The Von der Ahe family spent last Saturday afternoon in their Corona del Mar home wrapping Christmas presents for two needy families. Bo and Cathy Von der Ahe and their four children--Matt, 10; Andy, 9; Danny, 5, and Christy, 3--busied themselves enveloping toys with Christmas paper and bunting.
There were puzzles, dolls, crayons and coloring books, big wheels, miniature construction sets, radios, footballs and chalkboards. These were the toys, Cathy said, that the two indigent families' three boys and six girls, ranging in age from 6 to 10, would open Christmas morning.
The toys will be distributed to the families by Share Our Selves' (SOS) Adopt a Family Christmas program. SOS is one of a plethora of charities, social services agencies, churches and other groups seeking to bring holiday cheer to the county's impoverished.
SOS's Christmas campaign, Adopt a Family, provides food, clothing and housing to the needy during the holidays, said a spokeswoman for the Costa Mesa volunteer service organization.
'Giving ... Is Important'
"We think giving toys is important because we know how much joy and delight they bring to our own children on Christmas Day," Cathy explained.
But Cathy, 37, a homemaker, and Bo, 39, a real estate developer, said they also understand the practical needs of these two families that have fallen on hard times. Thus, they have included a large supply of pants, sweaters and other clothing among their supply of gifts. The ages and sizes of the children were provided by SOS to the Von der Ahes for this purpose.
On Monday morning, the Von der Ahe family, continuing a 7-year-old tradition, will drop off their gifts in the parish hall of St. John the Baptist Catholic Church in Costa Mesa.
Included will be two baskets filled with turkeys and other kinds of food on which the Von de Ahes themselves will feast on Christmas day.
The Christmas donations will be ferried from this SOS drop-off point by volunteers to poor families, primarily in Costa Mesa and Santa Ana, SOS executive director Jean Forbath said. The Von der Ahes and the needy families will never see each other, Forbath said.
"Our participation in Adopt a Family has become a special part of our Christmas celebration," Cathy said, voicing what spokesmen for charities say commonly motivates people to give to the less fortunate during the holidays. "We're fortunate. Our Christmas wouldn't be quite as wonderful if we didn't give to others who've had a rough year.
"Christmas just isn't the same if parents don't have anything to give their children. Adopt a Family, by providing gifts that parents hand out themselves, allows these parents who've had a rough time of it to share in their children's delight at having something for Christmas."
(Those interested in participating in the Adopt a Family program, which is seeking another 150 donors of goods or money to match last year's record of serving 900 families, may call SOS at (714) 642-3451.)

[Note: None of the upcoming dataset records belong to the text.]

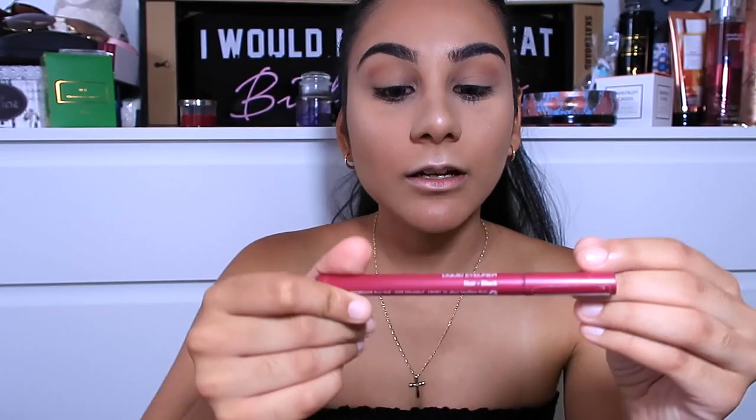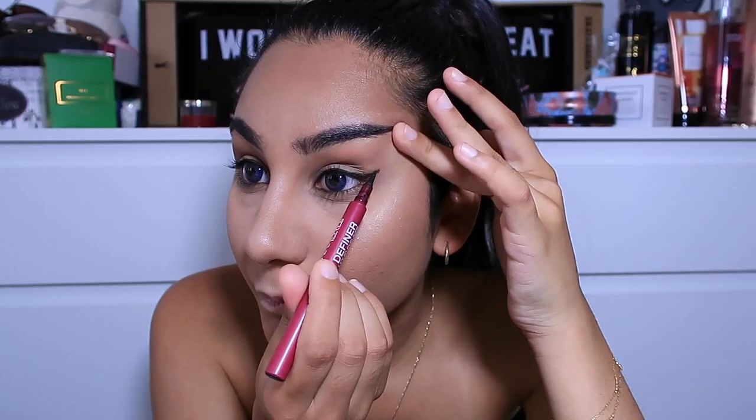I'm going in with my Maybelline Line Definer eyeliner — it's a really old one but it's the easiest to use — and I'm just going to do a small wing. I've said it before and I'll say it again, I'm not good at wings, so I'll bring the mirror right up close. I had to fix the wing slightly off camera and they're still not even, but it's fine. For lashes, I don't really wear fake lashes so I'm just putting on some Rimmel Extra Super Lash mascara.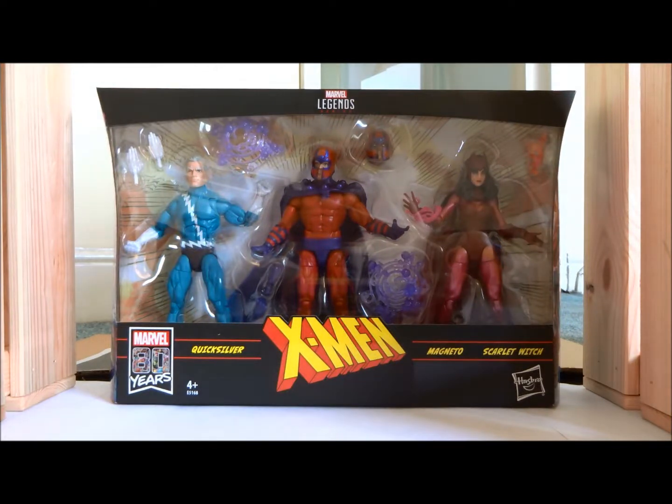Hello everyone and welcome back to another Hero House Reviews. Today we're looking at the Marvel Legends Family Matter 3-pack, the family in question being Magneto's. Although we do seem to be down a member because they haven't included Polaris, who was recently announced to be his daughter, but that may have been retconned because it's been changed and debated quite a bit during her considerable history. And Marvel — this is celebrating 80 years of Marvel — so clearly they're all about the history with this release.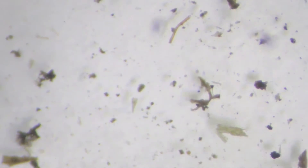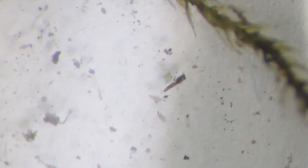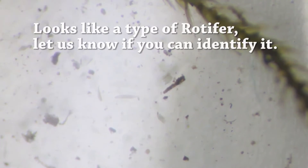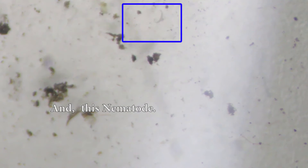Do you see any critters we should catch? Look, look — there's a critter! Look at that thing. What is it? It's a little worm thing, like an inchworm. It's moving right down there, it's about to leave the frame. Now it's gone. We'll look at it on the video later.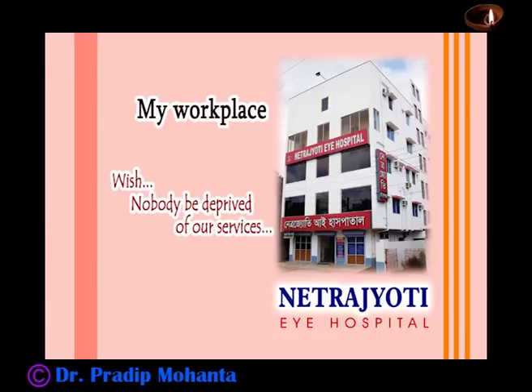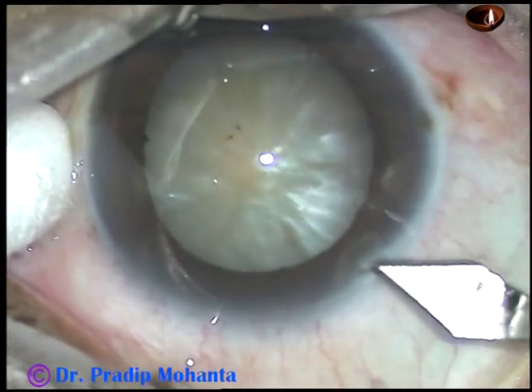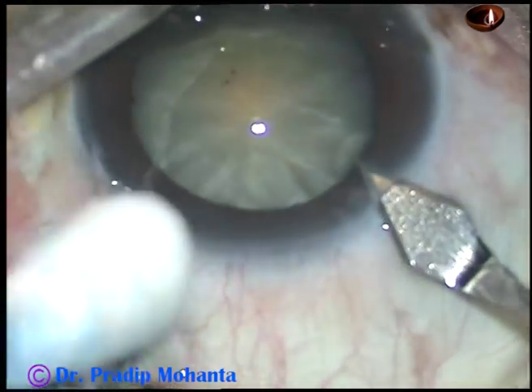Friends, welcome to my hospital at Ranaghat, India. This is phacoemulsification of a pre-intumescent cataract.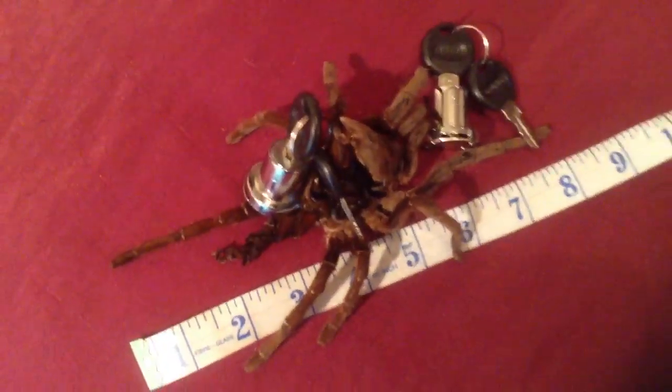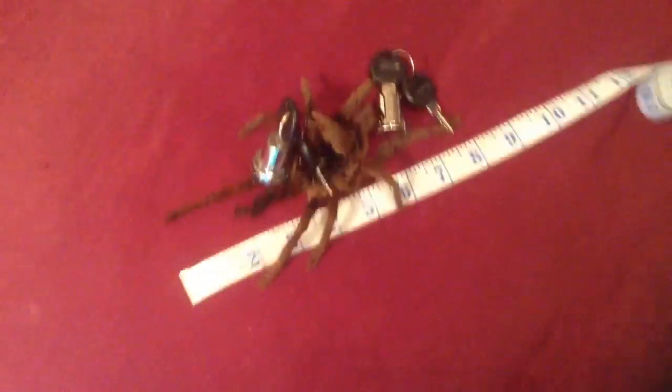I haven't really had a chance to get her stretched out to measure her, but I will make another video update on her when she's fully hardened up. As I said earlier, I'm going to hopefully send this off and get the species identified, and then try and find a male and make a go of breeding them.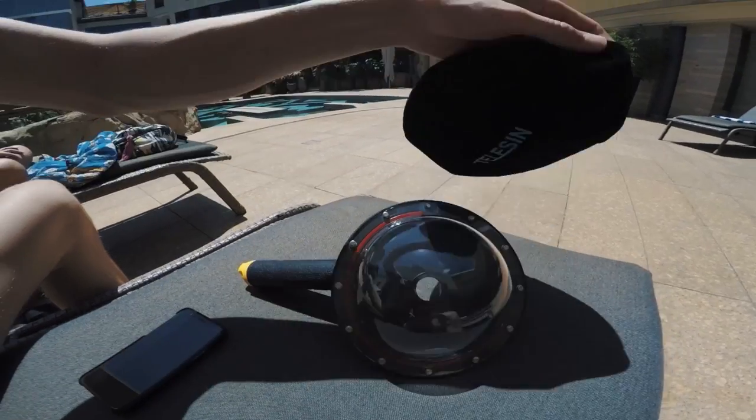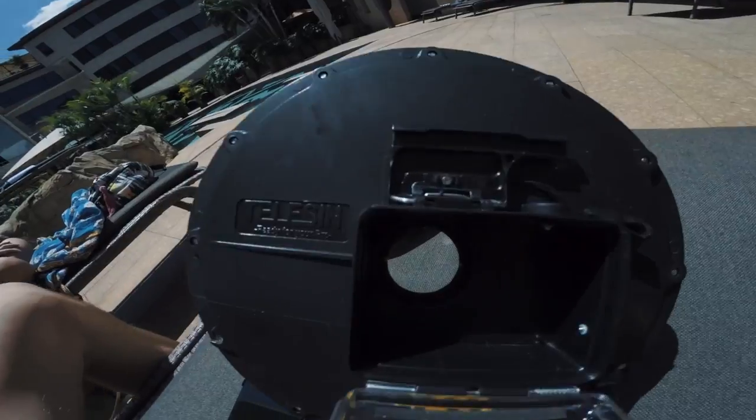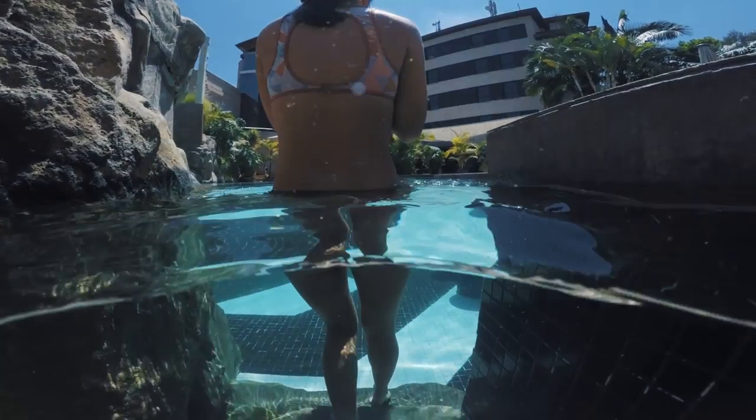We got one — I don't remember exactly how much it was — but basically you put the GoPro inside and there's this little bubble over the GoPro, and you can take it in the water. I'm just gonna cut to the b-roll now so you can see a little bit of the stuff we got.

Throughout Orange County, countless families like the Von der Ahes are donating toys, food, clothing and other items to the needy for Christmas. Despite the best efforts of the county's charities and social service agencies, spokesmen representing a random sampling of these groups say there rarely is enough collected during their Christmas campaigns to go around to all in need.
Increased Demand Noted
"Every year the county's residents always come through with amazing generosity with the pledges of money they mail in or by giving during our Christmas kettle campaign," said Warren Johnson, business manager of the Salvation Army in Orange County, expressing a view shared by spokesmen for many charities. "But the demand for our services this year is up 10% to 15%."
Charity spokesmen say they're unusually troubled this holiday season about whether they'll be able to provide the indigent with a merry Christmas. They cite two factors beyond their control: the supermarket strike and the episodes of unseasonably cold weather that have hit the homeless hard.
"There are so many homeless this year," SOS's Forbath said. "They're sleeping in blankets and sleeping bags between buildings, under bushes in parks and in bus shelters. More than 2,100 homeless came to us last month; 900 of them were children. We're trying to raise money so at least the children will have a roof over their heads on Christmas Day. I have no idea how much this will cost, but we'll do our best."
The 6-week-old supermarket strike has had a devastating effect on the Food Distribution Center serving Orange County, according to executive director Dan Harney. It is run by the Society of St. Vincent de Paul and is one of the county's two largest food banks, serving as a food clearinghouse for 179 social service agencies in the county, Harney said.